### Dataset entries

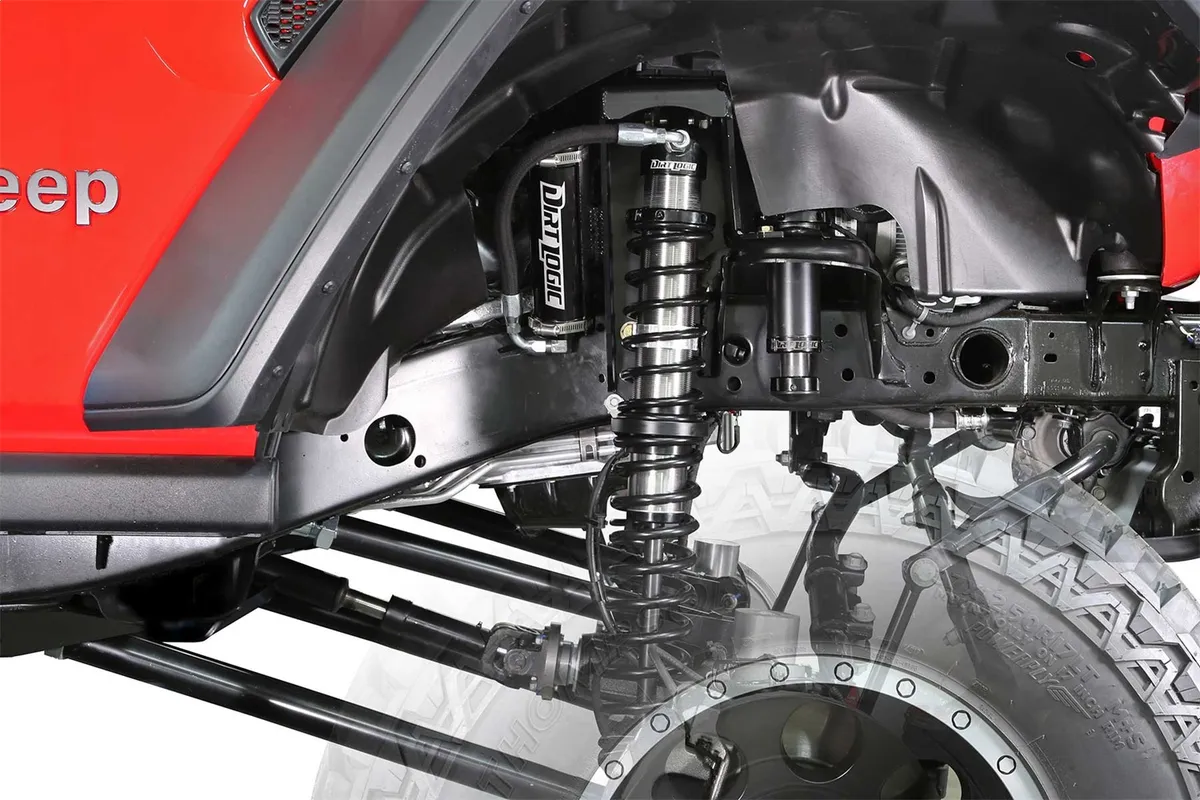 Long Arm Kit; Front; For 3 In. And 5 In. Lift; For PN[K4131M/K4131DL/K4132DL/K4144DL/K4145DL]; product image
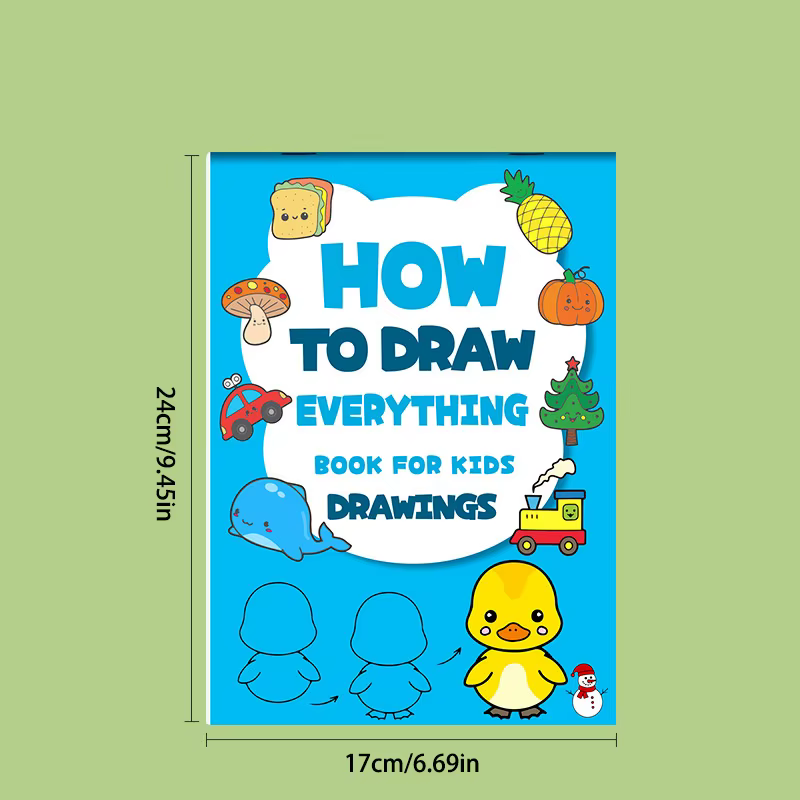 Livre de dessin facile à réaliser étape par étape pour enfants
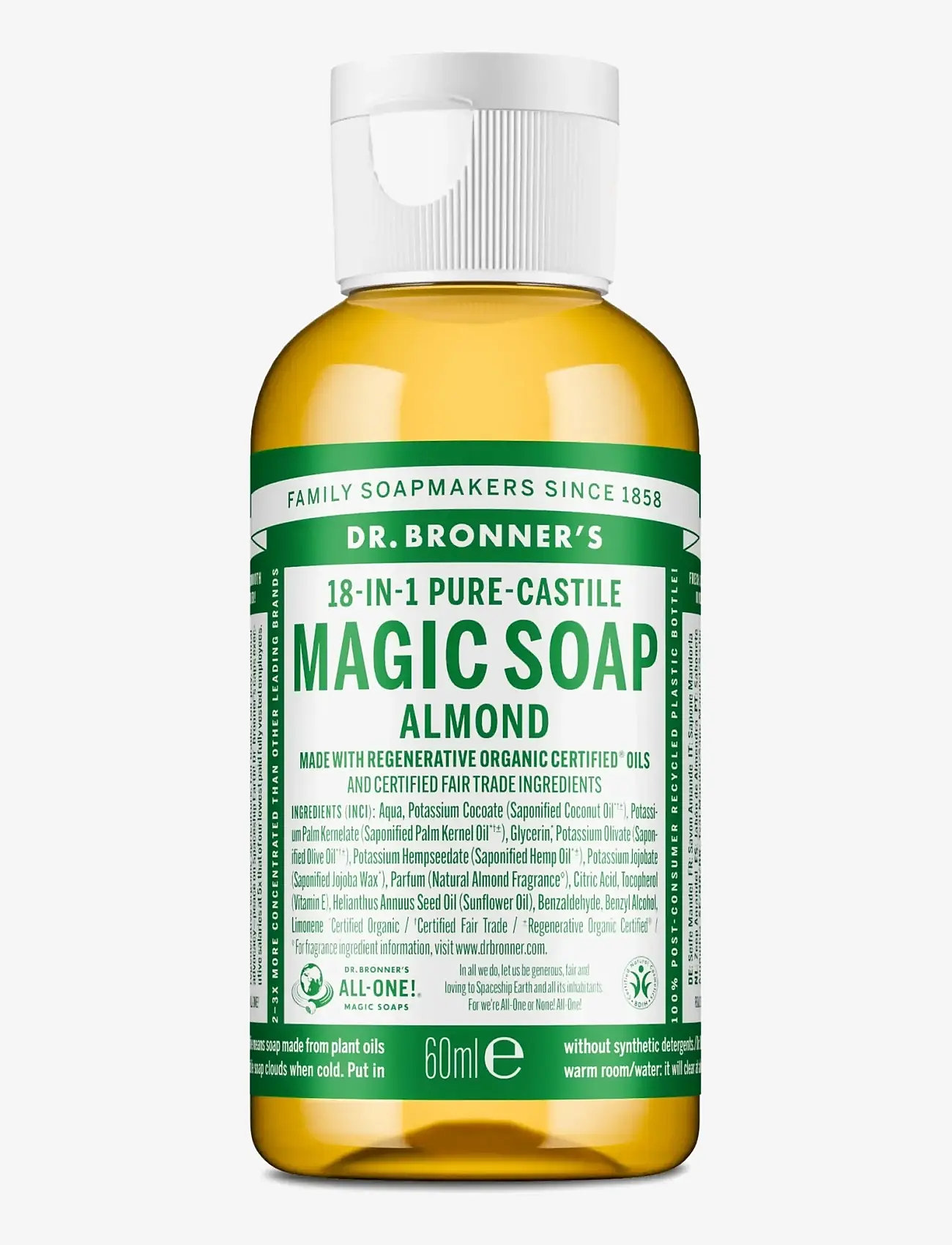 Dr. Bronner’s - Almond - dušigeelid ja õlid - no colour - 0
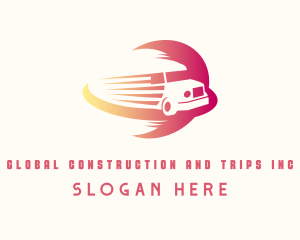 Global Trucking Service logo design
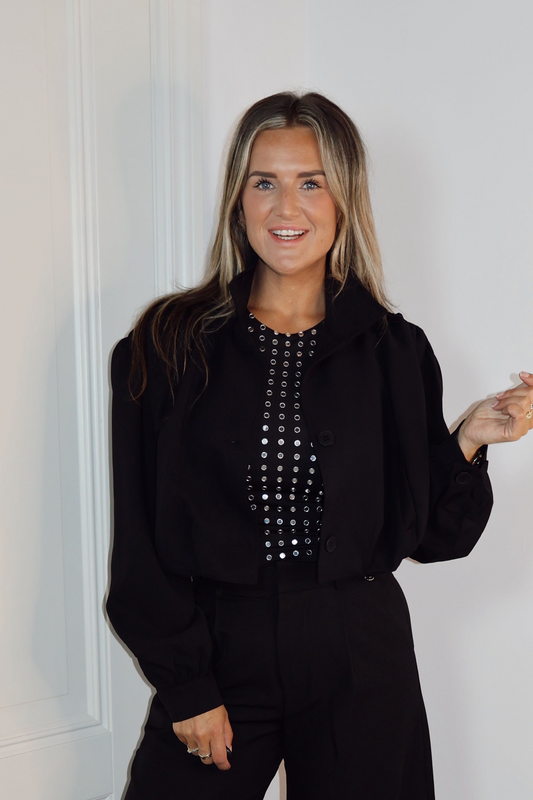 Korte pof trenchcoat Amy Zwart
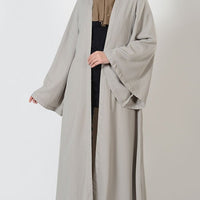 Basic Front Open Bell Sleeves Duster - EastEssence.com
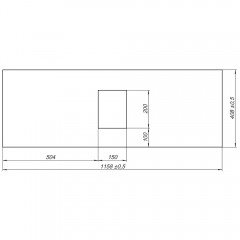 Столешница Allen Brau Priority 120 1.31012.G graphite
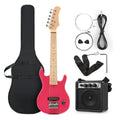 HUASHENG Popular 30 Inch Kids Electric Guitar OEM ODM Musical Instrument Toy Small Kid Electric Guitar Kit with Bag Amplifier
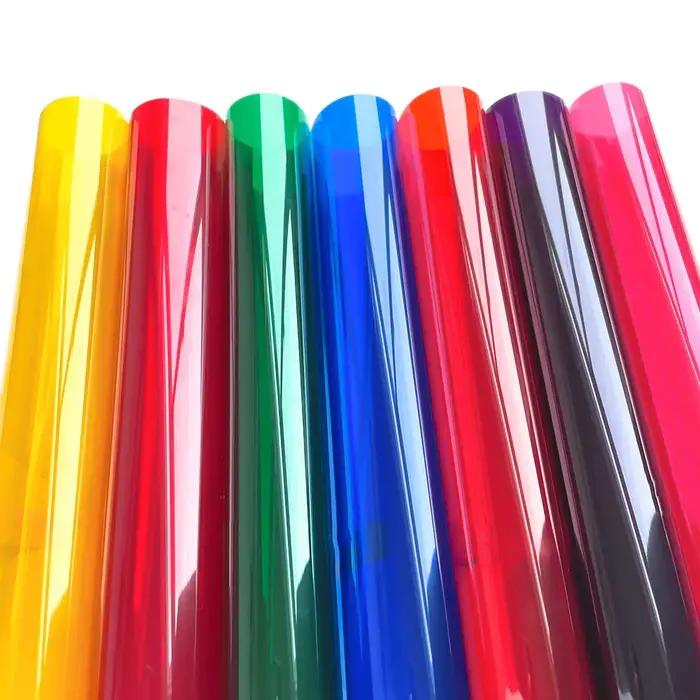 Film décoratif en verre multicolore 7,8"x11,8" en PET, anti-UV, transparent, pour la maison, le bure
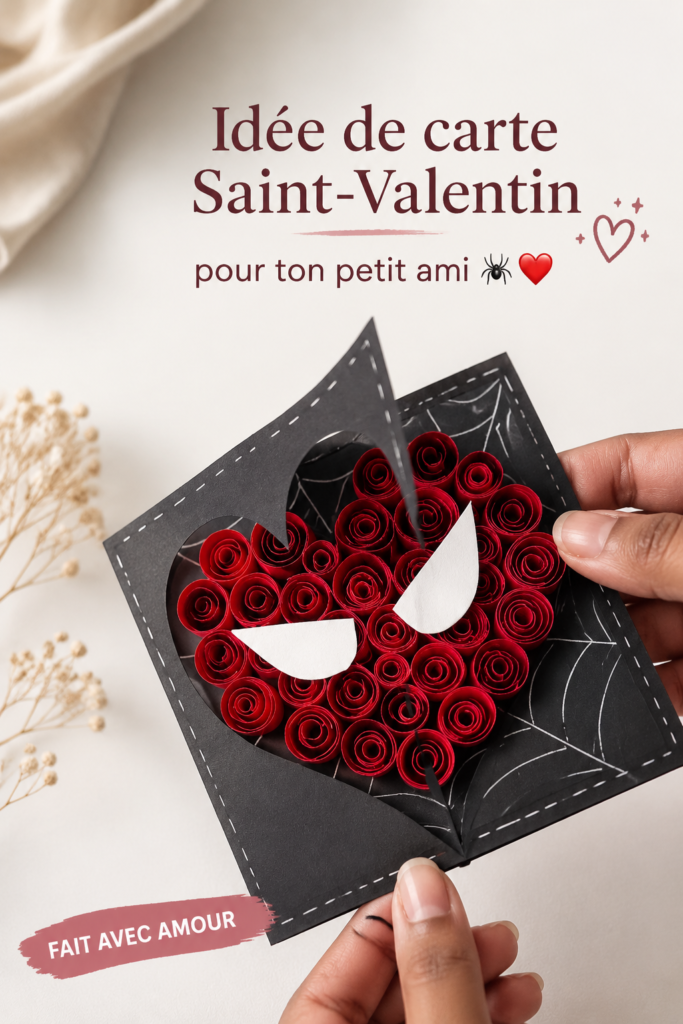 Carte cadeau Spidey personnalisée sur un fond coloré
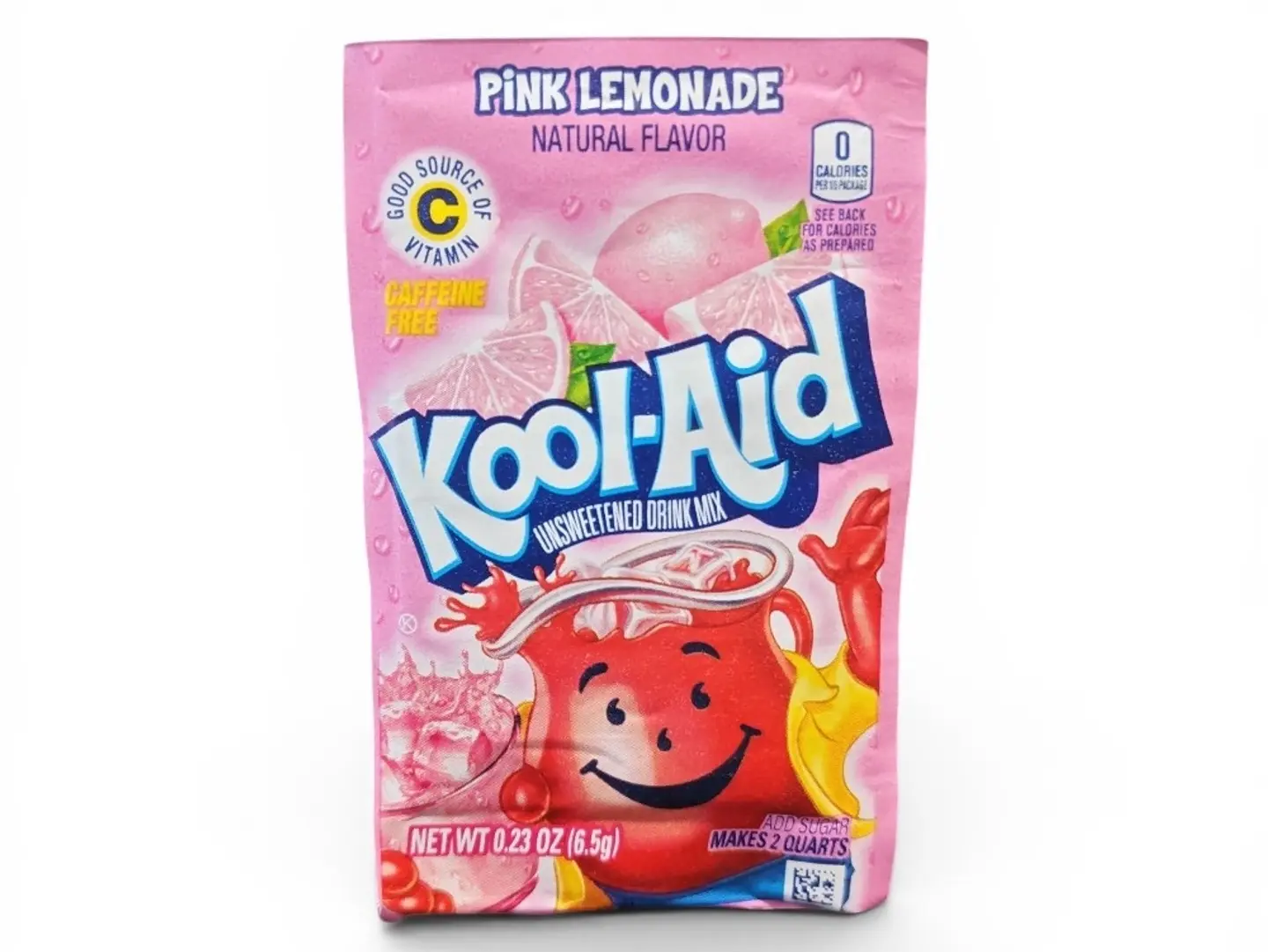 Kool Aid Lemon Flavored Pink Drink Mix 6.5g Imported
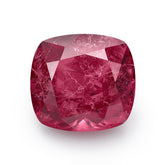 Red Jade 1PC Large 10x10 MM Cushion Faceted Red Shine Semi Precious Loose Gemstones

### Your instructions
Only the text of the records above is to be reproduced, exactly as given; the pictures are dropped.

### Task output
 Long Arm Kit; Front; For 3 In. And 5 In. Lift; For PN[K4131M/K4131DL/K4132DL/K4144DL/K4145DL]; product image
 Livre de dessin facile à réaliser étape par étape pour enfants
 Dr. Bronner’s - Almond - dušigeelid ja õlid - no colour - 0
 Global Trucking Service logo design
 Korte pof trenchcoat Amy Zwart
 Basic Front Open Bell Sleeves Duster - EastEssence.com
 Столешница Allen Brau Priority 120 1.31012.G graphite
 HUASHENG Popular 30 Inch Kids Electric Guitar OEM ODM Musical Instrument Toy Small Kid Electric Guitar Kit with Bag Amplifier
 Film décoratif en verre multicolore 7,8"x11,8" en PET, anti-UV, transparent, pour la maison, le bure
 Carte cadeau Spidey personnalisée sur un fond coloré
 Kool Aid Lemon Flavored Pink Drink Mix 6.5g Imported
 Red Jade 1PC Large 10x10 MM Cushion Faceted Red Shine Semi Precious Loose Gemstones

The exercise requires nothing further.